Whatever the records below say, write them all out exactly.

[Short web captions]
————————
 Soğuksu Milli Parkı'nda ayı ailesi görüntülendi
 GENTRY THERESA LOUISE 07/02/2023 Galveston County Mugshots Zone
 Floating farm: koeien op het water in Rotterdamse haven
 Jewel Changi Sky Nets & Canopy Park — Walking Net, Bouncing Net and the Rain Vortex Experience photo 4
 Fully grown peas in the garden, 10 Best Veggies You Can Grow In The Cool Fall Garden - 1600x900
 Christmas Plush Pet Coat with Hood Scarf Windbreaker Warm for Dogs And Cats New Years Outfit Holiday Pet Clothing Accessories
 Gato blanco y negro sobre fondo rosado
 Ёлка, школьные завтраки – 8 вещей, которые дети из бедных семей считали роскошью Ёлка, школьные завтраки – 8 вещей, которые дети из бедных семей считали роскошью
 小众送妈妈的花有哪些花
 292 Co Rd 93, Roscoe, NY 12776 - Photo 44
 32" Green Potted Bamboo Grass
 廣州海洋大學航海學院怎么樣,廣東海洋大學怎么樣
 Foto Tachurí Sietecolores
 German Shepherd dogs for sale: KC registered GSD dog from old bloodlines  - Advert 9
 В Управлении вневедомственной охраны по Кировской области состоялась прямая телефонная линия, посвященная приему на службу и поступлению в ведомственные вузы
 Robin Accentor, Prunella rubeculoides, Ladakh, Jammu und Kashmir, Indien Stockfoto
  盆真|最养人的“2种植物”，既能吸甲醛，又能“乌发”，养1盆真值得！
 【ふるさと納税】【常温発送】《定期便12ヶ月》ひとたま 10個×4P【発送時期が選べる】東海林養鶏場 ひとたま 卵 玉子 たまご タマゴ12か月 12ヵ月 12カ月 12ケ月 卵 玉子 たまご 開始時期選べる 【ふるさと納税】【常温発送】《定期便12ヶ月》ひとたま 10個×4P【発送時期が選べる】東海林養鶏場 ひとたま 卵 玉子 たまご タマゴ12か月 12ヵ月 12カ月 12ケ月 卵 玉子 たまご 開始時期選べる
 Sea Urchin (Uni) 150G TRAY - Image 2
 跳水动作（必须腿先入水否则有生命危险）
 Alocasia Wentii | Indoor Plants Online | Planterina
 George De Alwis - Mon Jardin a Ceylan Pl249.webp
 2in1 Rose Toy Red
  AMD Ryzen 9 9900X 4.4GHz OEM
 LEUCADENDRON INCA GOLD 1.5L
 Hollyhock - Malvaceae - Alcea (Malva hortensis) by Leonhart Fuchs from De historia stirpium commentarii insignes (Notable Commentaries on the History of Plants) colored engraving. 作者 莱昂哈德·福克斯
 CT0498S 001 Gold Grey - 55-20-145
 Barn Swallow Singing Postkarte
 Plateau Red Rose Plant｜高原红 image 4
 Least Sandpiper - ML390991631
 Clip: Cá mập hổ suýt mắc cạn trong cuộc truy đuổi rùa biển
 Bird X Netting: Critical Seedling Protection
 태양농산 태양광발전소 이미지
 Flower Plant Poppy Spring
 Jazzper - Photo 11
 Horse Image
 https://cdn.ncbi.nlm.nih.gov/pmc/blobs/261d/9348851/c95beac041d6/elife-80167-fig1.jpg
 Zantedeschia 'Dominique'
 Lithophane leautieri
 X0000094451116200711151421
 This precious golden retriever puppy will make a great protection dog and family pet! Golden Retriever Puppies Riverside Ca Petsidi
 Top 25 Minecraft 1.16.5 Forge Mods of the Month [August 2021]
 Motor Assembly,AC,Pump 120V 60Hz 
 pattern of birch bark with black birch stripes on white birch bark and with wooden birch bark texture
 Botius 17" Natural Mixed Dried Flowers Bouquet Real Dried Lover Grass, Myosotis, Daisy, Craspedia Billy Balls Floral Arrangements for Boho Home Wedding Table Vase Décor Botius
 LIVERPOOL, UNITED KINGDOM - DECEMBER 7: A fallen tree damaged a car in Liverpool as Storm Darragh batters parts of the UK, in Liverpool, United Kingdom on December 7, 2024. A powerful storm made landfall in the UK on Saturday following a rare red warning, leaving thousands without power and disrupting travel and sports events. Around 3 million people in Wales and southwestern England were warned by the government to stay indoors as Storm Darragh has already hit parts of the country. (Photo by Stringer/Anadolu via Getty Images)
————————
▶ **Answer box**
 Soğuksu Milli Parkı'nda ayı ailesi görüntülendi
 GENTRY THERESA LOUISE 07/02/2023 Galveston County Mugshots Zone
 Floating farm: koeien op het water in Rotterdamse haven
 Jewel Changi Sky Nets & Canopy Park — Walking Net, Bouncing Net and the Rain Vortex Experience photo 4
 Fully grown peas in the garden, 10 Best Veggies You Can Grow In The Cool Fall Garden - 1600x900
 Christmas Plush Pet Coat with Hood Scarf Windbreaker Warm for Dogs And Cats New Years Outfit Holiday Pet Clothing Accessories
 Gato blanco y negro sobre fondo rosado
 Ёлка, школьные завтраки – 8 вещей, которые дети из бедных семей считали роскошью Ёлка, школьные завтраки – 8 вещей, которые дети из бедных семей считали роскошью
 小众送妈妈的花有哪些花
 292 Co Rd 93, Roscoe, NY 12776 - Photo 44
 32" Green Potted Bamboo Grass
 廣州海洋大學航海學院怎么樣,廣東海洋大學怎么樣
 Foto Tachurí Sietecolores
 German Shepherd dogs for sale: KC registered GSD dog from old bloodlines  - Advert 9
 В Управлении вневедомственной охраны по Кировской области состоялась прямая телефонная линия, посвященная приему на службу и поступлению в ведомственные вузы
 Robin Accentor, Prunella rubeculoides, Ladakh, Jammu und Kashmir, Indien Stockfoto
  盆真|最养人的“2种植物”，既能吸甲醛，又能“乌发”，养1盆真值得！
 【ふるさと納税】【常温発送】《定期便12ヶ月》ひとたま 10個×4P【発送時期が選べる】東海林養鶏場 ひとたま 卵 玉子 たまご タマゴ12か月 12ヵ月 12カ月 12ケ月 卵 玉子 たまご 開始時期選べる 【ふるさと納税】【常温発送】《定期便12ヶ月》ひとたま 10個×4P【発送時期が選べる】東海林養鶏場 ひとたま 卵 玉子 たまご タマゴ12か月 12ヵ月 12カ月 12ケ月 卵 玉子 たまご 開始時期選べる
 Sea Urchin (Uni) 150G TRAY - Image 2
 跳水动作（必须腿先入水否则有生命危险）
 Alocasia Wentii | Indoor Plants Online | Planterina
 George De Alwis - Mon Jardin a Ceylan Pl249.webp
 2in1 Rose Toy Red
  AMD Ryzen 9 9900X 4.4GHz OEM
 LEUCADENDRON INCA GOLD 1.5L
 Hollyhock - Malvaceae - Alcea (Malva hortensis) by Leonhart Fuchs from De historia stirpium commentarii insignes (Notable Commentaries on the History of Plants) colored engraving. 作者 莱昂哈德·福克斯
 CT0498S 001 Gold Grey - 55-20-145
 Barn Swallow Singing Postkarte
 Plateau Red Rose Plant｜高原红 image 4
 Least Sandpiper - ML390991631
 Clip: Cá mập hổ suýt mắc cạn trong cuộc truy đuổi rùa biển
 Bird X Netting: Critical Seedling Protection
 태양농산 태양광발전소 이미지
 Flower Plant Poppy Spring
 Jazzper - Photo 11
 Horse Image
 https://cdn.ncbi.nlm.nih.gov/pmc/blobs/261d/9348851/c95beac041d6/elife-80167-fig1.jpg
 Zantedeschia 'Dominique'
 Lithophane leautieri
 X0000094451116200711151421
 This precious golden retriever puppy will make a great protection dog and family pet! Golden Retriever Puppies Riverside Ca Petsidi
 Top 25 Minecraft 1.16.5 Forge Mods of the Month [August 2021]
 Motor Assembly,AC,Pump 120V 60Hz 
 pattern of birch bark with black birch stripes on white birch bark and with wooden birch bark texture
 Botius 17" Natural Mixed Dried Flowers Bouquet Real Dried Lover Grass, Myosotis, Daisy, Craspedia Billy Balls Floral Arrangements for Boho Home Wedding Table Vase Décor Botius
 LIVERPOOL, UNITED KINGDOM - DECEMBER 7: A fallen tree damaged a car in Liverpool as Storm Darragh batters parts of the UK, in Liverpool, United Kingdom on December 7, 2024. A powerful storm made landfall in the UK on Saturday following a rare red warning, leaving thousands without power and disrupting travel and sports events. Around 3 million people in Wales and southwestern England were warned by the government to stay indoors as Storm Darragh has already hit parts of the country. (Photo by Stringer/Anadolu via Getty Images)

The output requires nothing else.